== The data ==
----

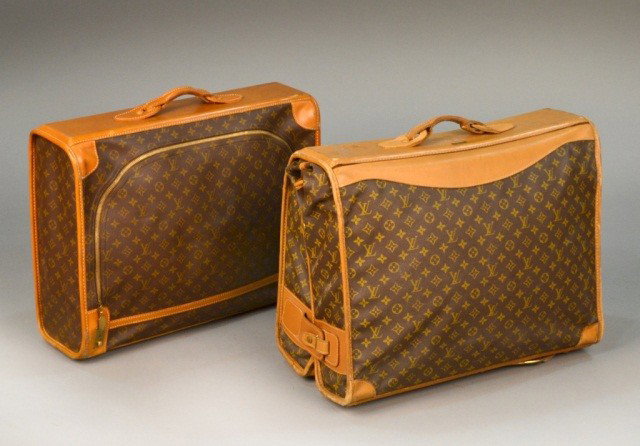 Two Louis Vuitton Suitcases: Soft sided cases with leather trim, comprising a suicase and a folding suit carrier. Case, Height 7 1/2 inches, width 18 inches, depth 22 inches.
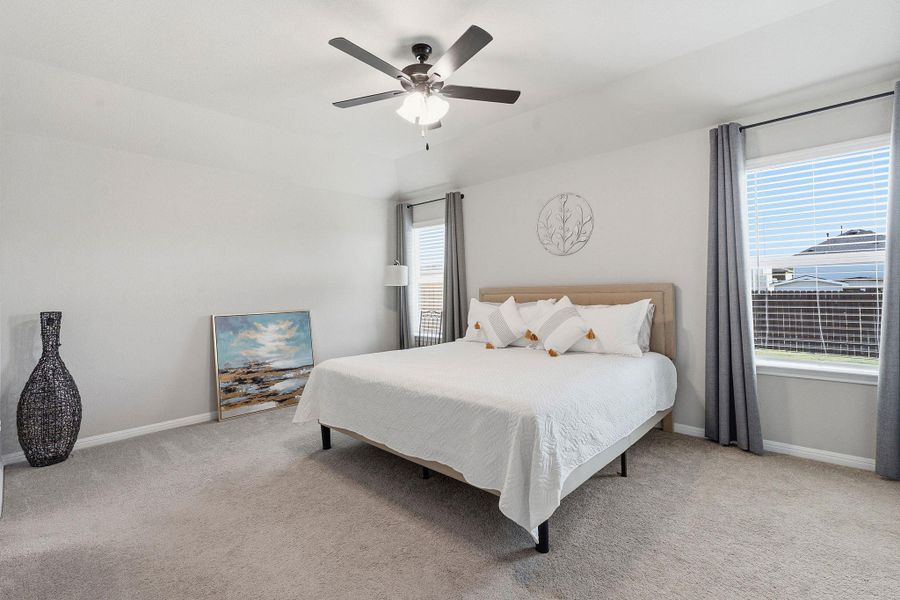 Bedroom featuring light colored carpet, a ceiling fan, and vaulted ceiling Bedroom featuring light colored carpet, a ceiling fan, and vaulted ceiling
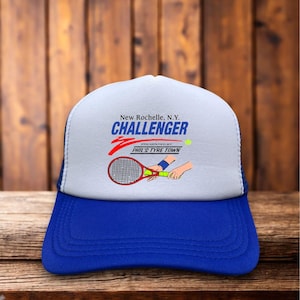 May include: A blue and white Challenger tennis cap with a mesh back. The front features the text "New Rochelle, N.Y. CHALLENGER" with a tennis racket and ball graphic. The cap is on a wooden surface.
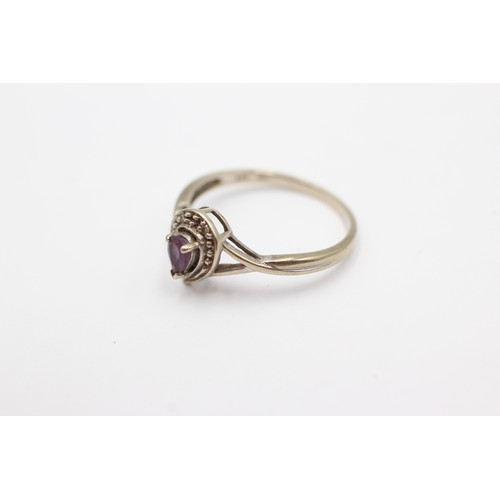 691 - 9ct white gold amethyst and diamond halo ring (1.8g)      752635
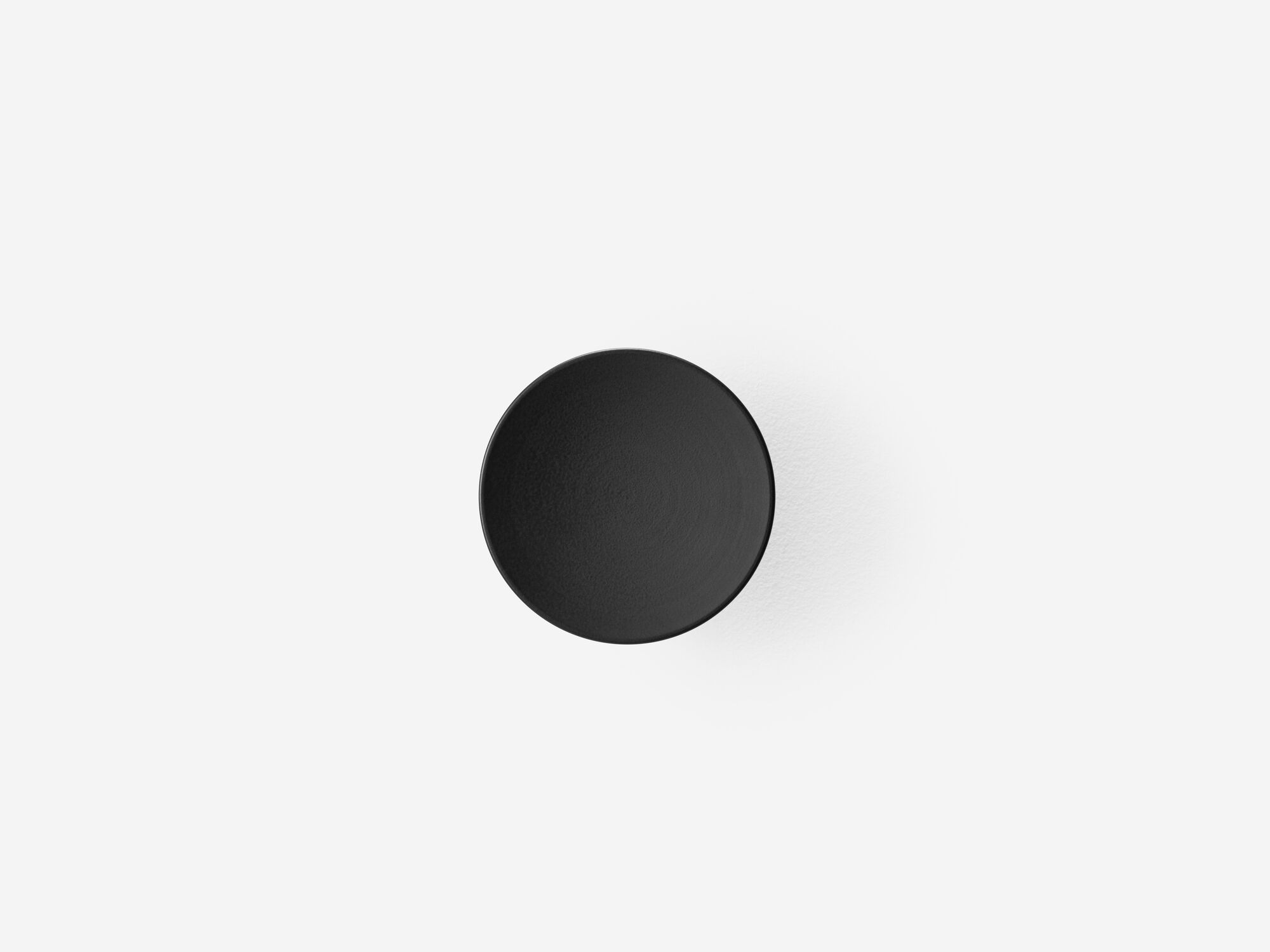 Front view of large black wall knob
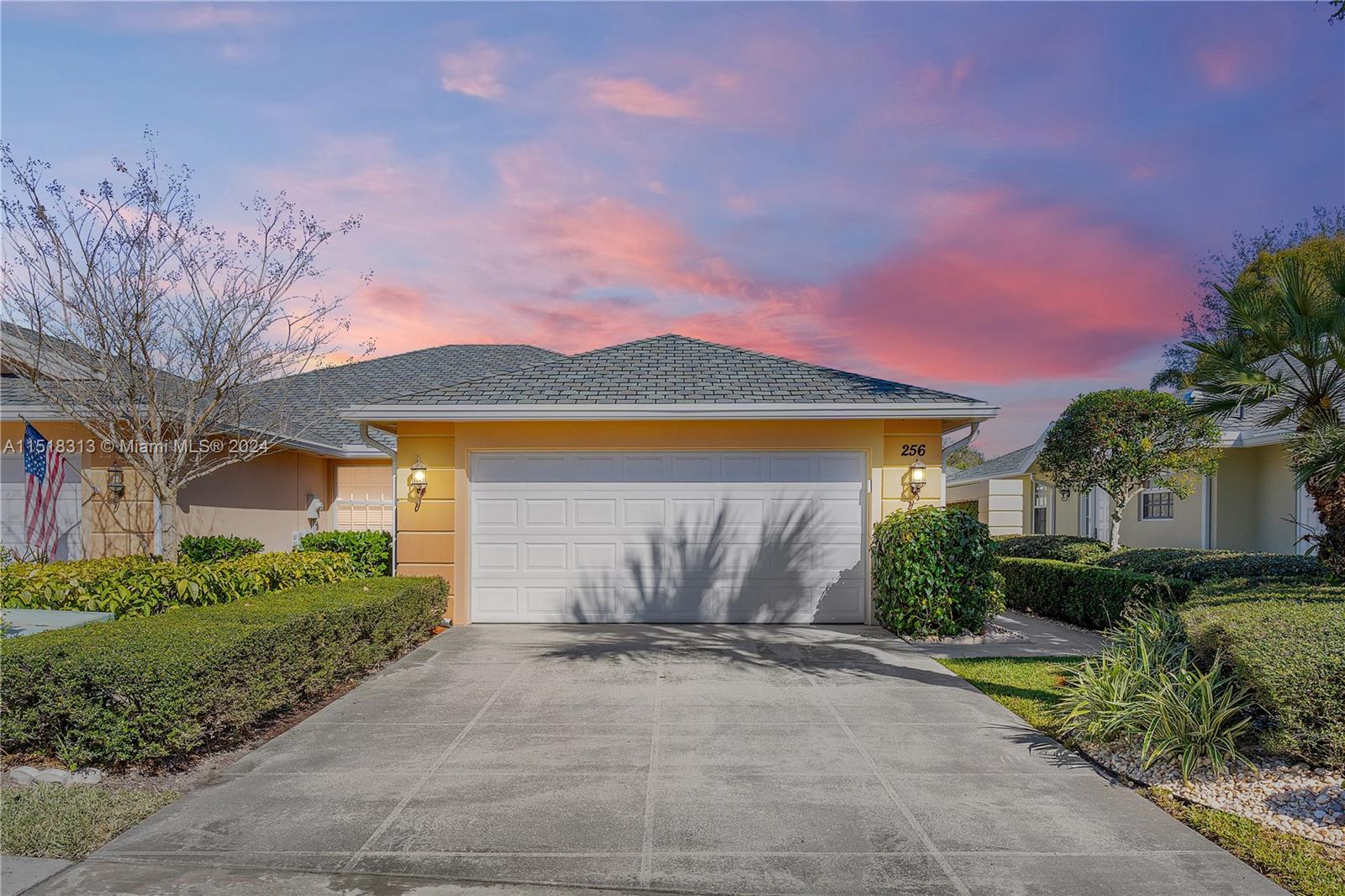 a view of a house with a yard and potted plants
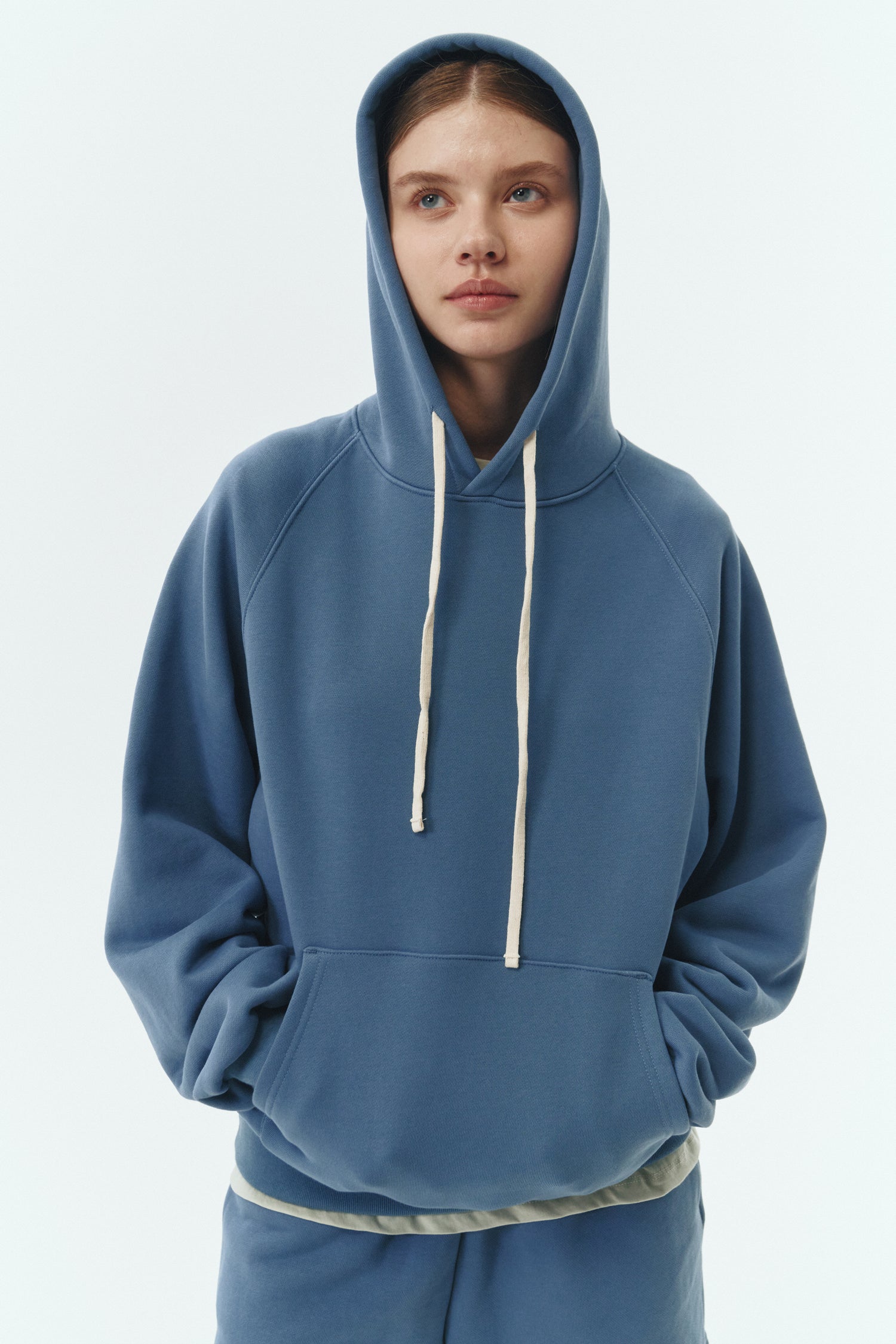 Kaia Hoodie in indigo blue, oversized cotton French terry pullover with drawstring hood, raglan sleeves, kangaroo pocket, and ribbed trims.
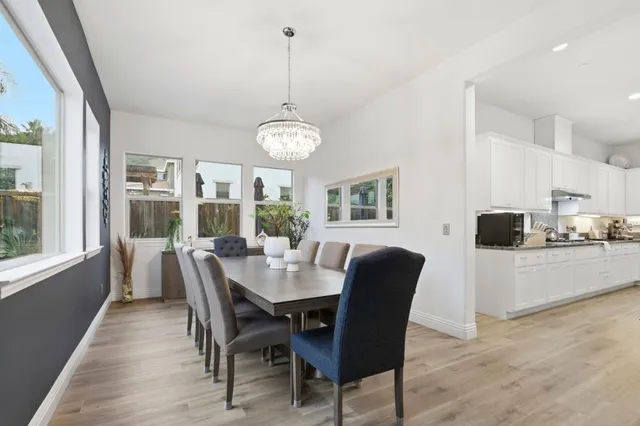a view of a living room and floor to ceiling window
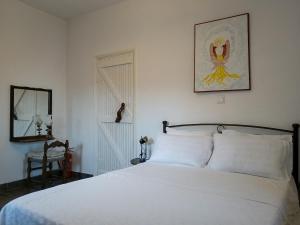 a bedroom with a white bed with a picture on the wall at Armaki in Páliros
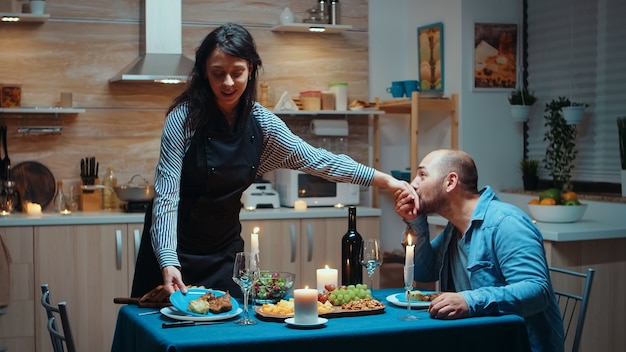 Nachdenkliche Frau, die begeisterten Ehemann dient. Begeisterte Frau, die ein festliches Abendessen mit gesundem Essen zubereitet, für seinen Mann romantisches Abendessen kocht, redet, am Tisch in der Küche sitzt, das Essen genießt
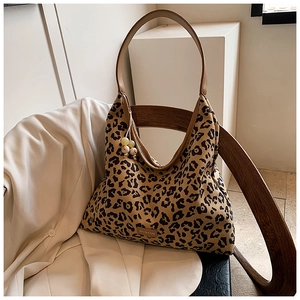 Close-up of leopard print tote bag with metallic brand plate and wooden bead charm detail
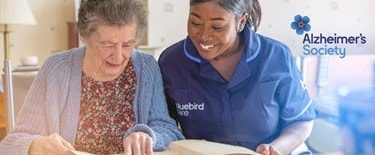 Elderly lady with Dementia reading with a carer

----

== The task ==
Take the material above from its first line through the line that has "a view of a house" and copy it exactly, without any pictures.

== The completed task ==
 Two Louis Vuitton Suitcases: Soft sided cases with leather trim, comprising a suicase and a folding suit carrier. Case, Height 7 1/2 inches, width 18 inches, depth 22 inches.
 Bedroom featuring light colored carpet, a ceiling fan, and vaulted ceiling Bedroom featuring light colored carpet, a ceiling fan, and vaulted ceiling
 May include: A blue and white Challenger tennis cap with a mesh back. The front features the text "New Rochelle, N.Y. CHALLENGER" with a tennis racket and ball graphic. The cap is on a wooden surface.
 691 - 9ct white gold amethyst and diamond halo ring (1.8g)      752635
 Front view of large black wall knob
 a view of a house with a yard and potted plants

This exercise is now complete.